Hacker News new | past | comments | ask | show | jobs | submit
I am trying to gain a basic understanding of this: Right now I have a 4TB DB on one large box. Is the idea that using a proxy tool like PGDog I could spin up 8 smaller boxes handling ~500GB each and then one medium box for the proxy?

Right now I have a project that has very heavy write traffic from multiple services and a web app that reads from this. We are starting to hit the point where no amount of indexing, query optimisation, caching or box upgrades is helping us. We are looking at maybe moving the bulk of the static data to clickhouse to reduce the DB size but I would love to hear if PgDog or other kind of sharding could be useful for this use case.

> 8 smaller boxes handling ~500GB each and then one medium box for the proxy?

That's exactly right. Get in touch (lev@pgdog.dev), happy to help or at the very least tell you what current works (or doesn't) so you know what your options are.

That's the idea of sharding.

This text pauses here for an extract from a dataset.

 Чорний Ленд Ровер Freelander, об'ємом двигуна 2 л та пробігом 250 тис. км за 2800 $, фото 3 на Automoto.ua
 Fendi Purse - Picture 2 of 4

If you read the pgdog docs, you'll notice you need to tell it which shard server to route your request to - it doesn't just magically work. It's still providing value by reusing connections, which are particularly expensive in postgres.

Because it's not magic, you do still have to know what's going on under the hood, e.g. no cross-shard transactions.

I'd see if my application can benefit from read replicas before doing sharding, because sharding is difficult (if you care about data consistency). With replicas, each replica does have a full copy of the data and you only write to the master - you have to decide which transactions are suitable for running against replicas, which can lag slightly behind realtime. E.g. reading data to build a webpage is probably safe to do from a replica - any read-modify-write is not.

fwiw, we support cross-shard transactions. They are not magic though, just good old 2pc and a bit of coordination.
2pc is only safe if every part of the system has guaranteed uptime, which it never does. Assume that cross-shard transactions only work in the happy case and may result in inconsistent data otherwise.

They also reduce the benefit of sharding, possibly down to worse performance than a non-sharded DB.